Below is a listing. Return the lines from the one that contains "ChefsForChildren colaborará en" to the one that contains "Nissan X-Trail III", both ends included, verbatim and with no pictures.

**THE RECORDS:**

_ _ _ _ _ _ _

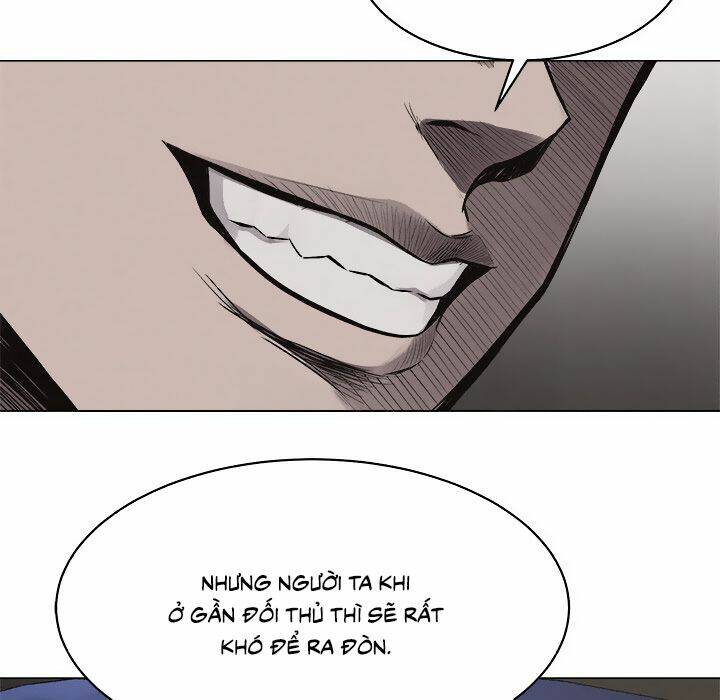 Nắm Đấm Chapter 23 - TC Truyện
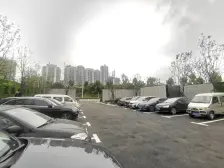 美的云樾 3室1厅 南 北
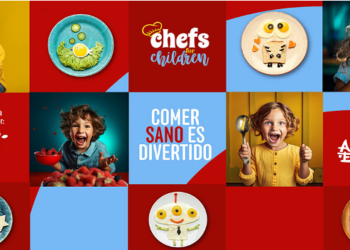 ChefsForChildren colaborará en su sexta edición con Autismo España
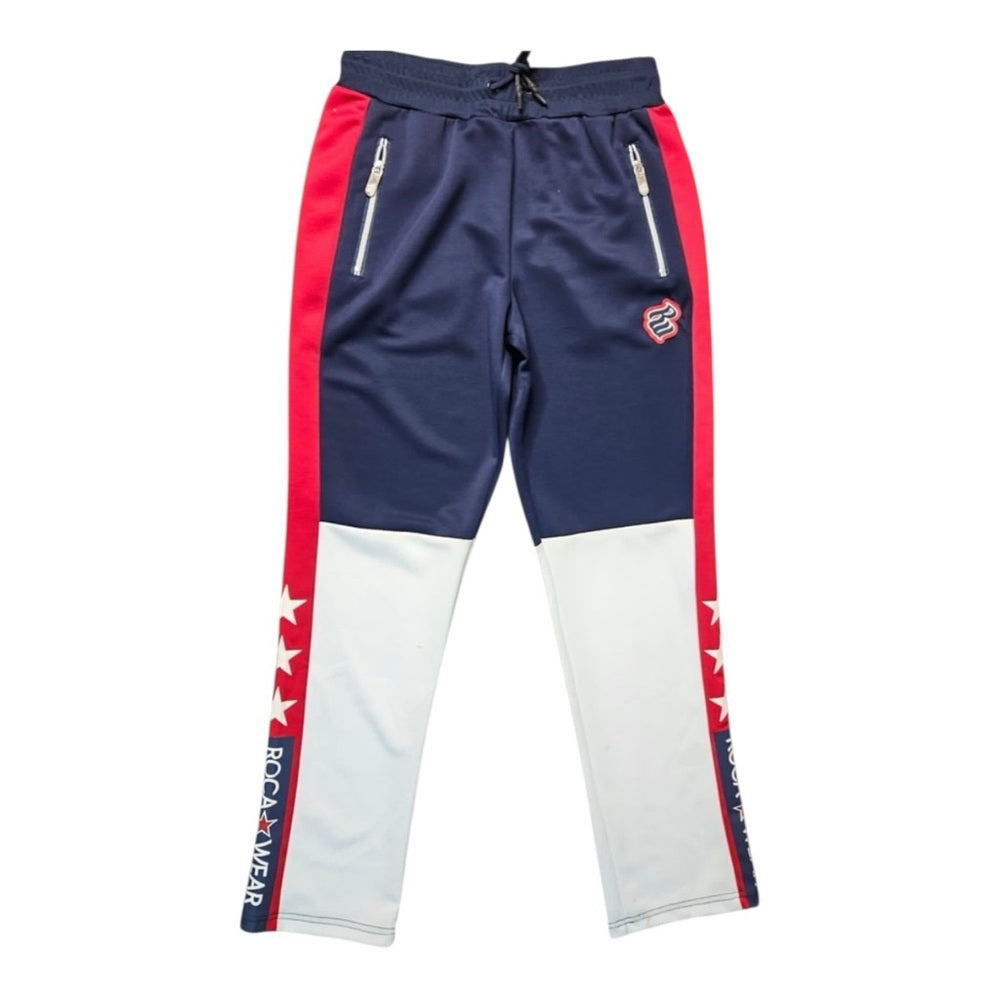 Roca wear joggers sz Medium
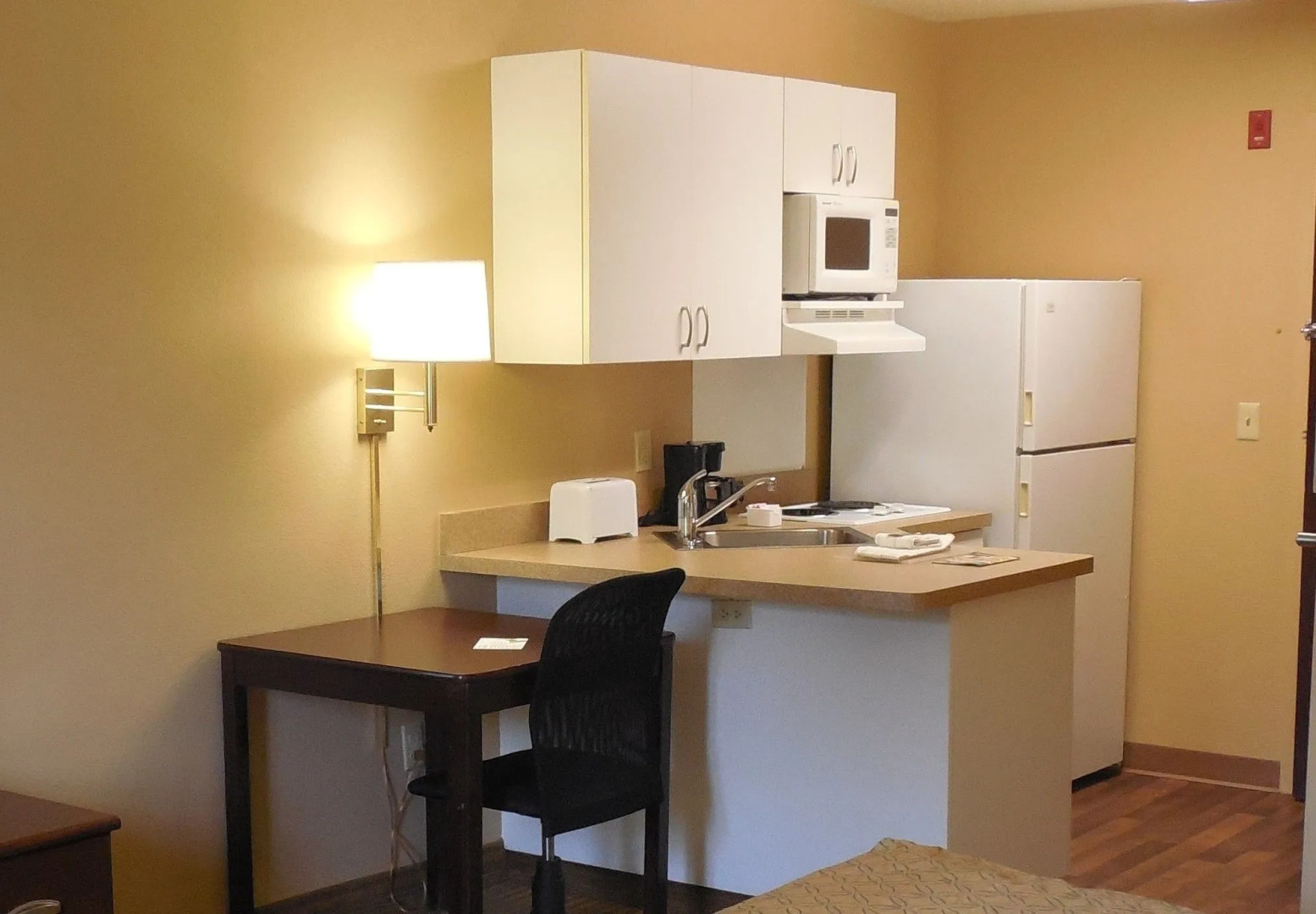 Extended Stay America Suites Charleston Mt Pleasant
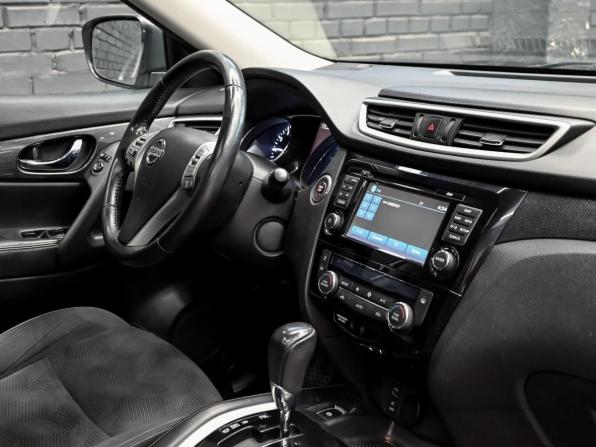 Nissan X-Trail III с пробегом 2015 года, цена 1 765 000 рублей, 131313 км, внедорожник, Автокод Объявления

_ _ _ _ _ _ _

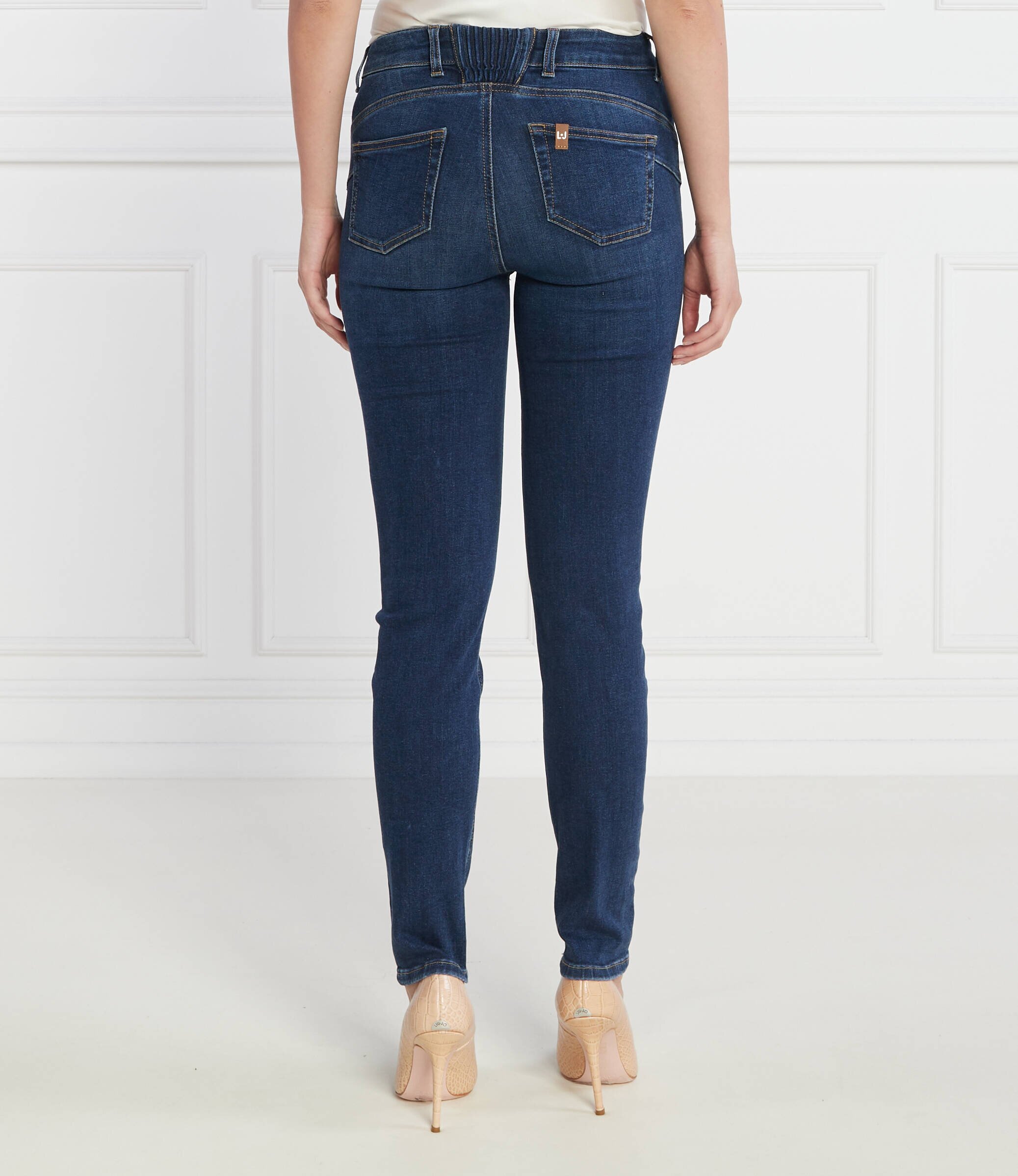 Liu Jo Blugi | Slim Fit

_ _ _ _ _ _ _

**TASK RESULT:**
 ChefsForChildren colaborará en su sexta edición con Autismo España
 Roca wear joggers sz Medium
 Extended Stay America Suites Charleston Mt Pleasant
 Nissan X-Trail III с пробегом 2015 года, цена 1 765 000 рублей, 131313 км, внедорожник, Автокод Объявления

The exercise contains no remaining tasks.